Rationalization: A Neural Machine Translation Approach to Generating Natural Language Explanations

The paper "Rationalization: A Neural Machine Translation Approach to Generating Natural Language Explanations" introduces a novel technique for explainable AI termed "AI rationalization". This method leverages neural machine translation to convert state-action pairs into intuitive, human-like natural language explanations. The primary focus is on providing explanations that simulate what a human might articulate, without necessitating a verbatim interpretation of the underlying decision-making process.

Core Contributions and Methodology

The authors collect a natural language corpus from human players who verbalize their thought processes while playing the arcade game Frogger. This corpus serves as a training dataset for an encoder-decoder neural network augmented with attention mechanisms, birthing a model capable of translating the internal representations of an AI system's decisions into coherent rationalizations.

One of the noteworthy contributions is the conceptual separation between explanation and interpretability. While interpretability refers to the structural transparency of algorithms, this work defines explanation as more focused on sequential problems and grounded in natural language for the end-user's convenience. AI rationalization, thus, sidesteps precise accuracy for a more real-time and accessible interaction, proposing an alternative path when systems need to communicate decisions effectively to non-expert users.

Experimental Framework and Results

The empirical evaluation involves two experiments conducted in the Frogger game environment. The authors developed three obstacle-rich scenarios (25%, 50%, and 75% filled maps) to test the effectiveness of the rationalization. The encoder-decoder network was trained to associate rich state-action triples with appropriate natural language responses, outperforming both random and majority-vote baselines by statistically significant margins. These encouraging results suggest that neural machine translation is effective in generating situationally appropriate rationalizations.
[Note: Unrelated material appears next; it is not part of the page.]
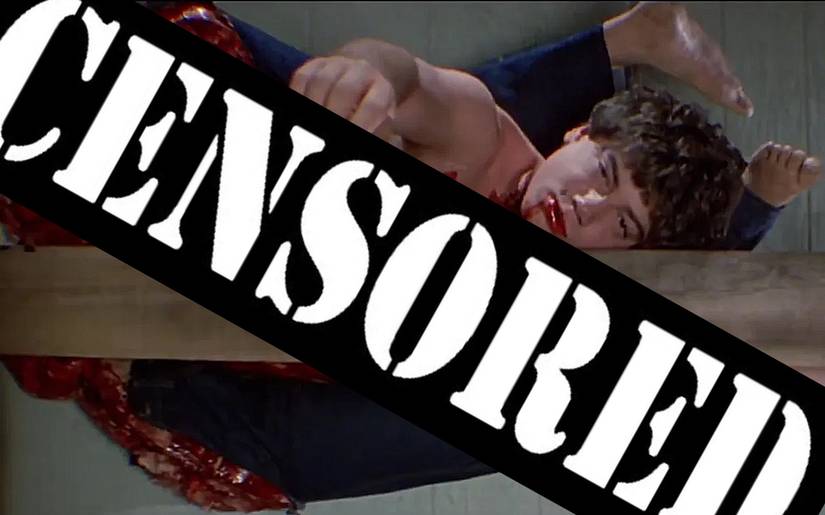 Corpo de Andy em Sexta-Feira 13 - Parte 3 com uma barra censurada no topo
To examine human satisfaction with different forms of AI explanations, another evaluation was conducted using three robotic agents issuing different types of explanations. Results from human subjects showed a strong preference for the rationalizing robot over the action-declaring robot and numeric expression, with significant p-values indicating higher satisfaction rankings for the natural language rationalizations. The rationale spanned explanatory power, relatability, ludic nature, and adequate detail, highlighting the richer user-agent rapport when language is used over mere numerics or action declarations.

Implications and Future Research

The implications of AI rationalization potentially span various domains, especially those needing seamless human-agent interactions like healthcare, military, and personal service robotics. By using human-like rationalizations, AI systems can appear more relatable, fostering trust and confidence in their decision-making processes.

Future research could delve into how inaccuracies in rationalizations affect human-agent trust or explore diversified applications in more complex environments. Extending this work could involve enriching state-action representations or experimenting with more advanced neural architectures tailored for specific domains.

Conclusion

The authors have paved a new approach to making AI intelligible and approachable through AI rationalization. By harnessing the power of neural machine translation to synthesize pseudo-human rationalizations, they offer a viable solution to the challenge of making AI decisions accessible to the everyday user. While the presented results show promise, the true potential of AI rationalization in practical, real-world applications beckons further exploration.